Selasa, Maret 11Literasi Berkeadaban - Berbakti, Berkarya, Berarti

Catatan Silaturahmi Media Islam dengan MUI (5): Dr. Usman Yatim: Media Islam Perlu Mengikuti UU Pers

Direktur Uji Kompetensi PWI Pusat Dr. Usman Yatim membahas tentang media Islam dan produk jurnalistik dengan mengutip perkataan Harmoko, “Walau saya menteri tapi darah dan daging saya tetap wartawan.”

Menurut Yatim, saat ini posisi media Islam sangat lemah baik dari modal, bisnis, kualitas, dan status-mainstream. Citra kita juga buruk dengan label radikal, terror, hoax, ujaran kebencian, anti kebhinnekaan, intoleran, antipacasila, antiNKRI, dan seterusnya.

Hari Pers Nasional (HPN) tahun ini yang akan berlangsung di Ambon 9 Februari menarik untuk dicermati. “Apakah kita semua layak merayakan hari pers nasional?” tanya beliau. Saat ini media yang diakui adalah media mainstream.

Media yang menjadi korban pemblokiran adalah karena dianggap menyebarkan hoax.

Indikator yang membuat sebuah media diblokir adalah karena tidak berbadan hukum, tidak memiliki susunan redaksi yang jelas, tidak mengikuti kode etik jurnalistik, tidak mengikuti UU No. 40/1999 tentang Pers dan tidak dinaungi Dewan Pers, serta wartawan yang profesional.

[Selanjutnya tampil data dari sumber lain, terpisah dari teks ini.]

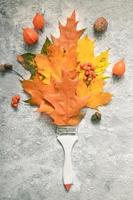 Flat lay Autumn orange leaves, brush, physalis, rowan top view photo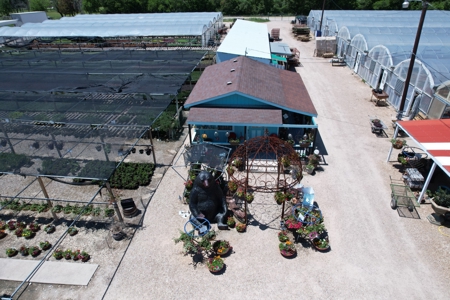 Brilliant Colors of Texas Plant Nursery Business For Sale - image 29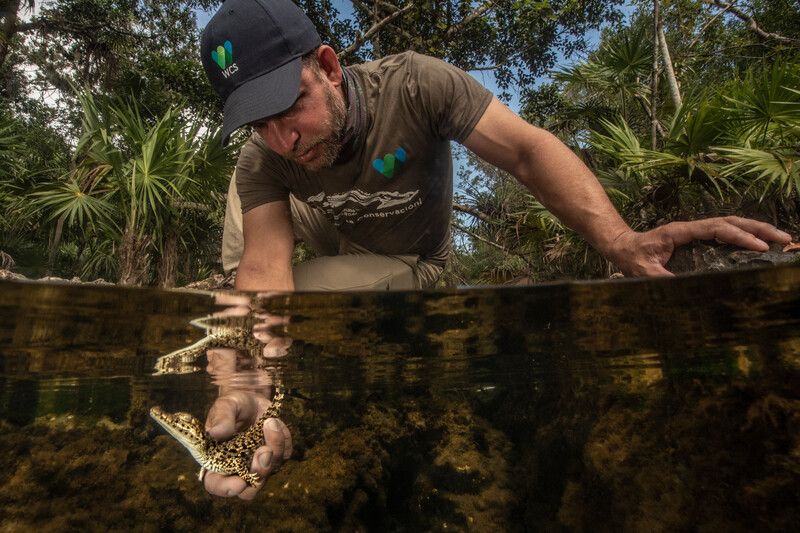 Gustavo Sosa cradles a young Cuban Crocodile underwater that was hatched in August 2019 at the breeding sanctuary in Zapata.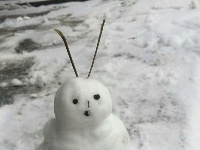 2018新年迎暴雪，谷城人堆雪娃娃如此惊艳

Apa itu wartawan profesional?

Menurut Yatim, wartawan profesional adalah yang berstandar yang punya kompetensi SPK (Sikap, Pengetahuan, Keterampilan), pengakuan kompetensi UKW oleh lembaga seperti PWI, AJI, yang ditunjuk oleh Dewan Pers (kartu dan sertifikat). Syarat UKW adalah media tersebut harus berbadan hukum (terdaftar, terverifikasi/barcode oleh Dewan Pers). Ketentuan mengenal hal ini tercantum dalam Piagam Palembang yang berlangsung pada HPN 2010.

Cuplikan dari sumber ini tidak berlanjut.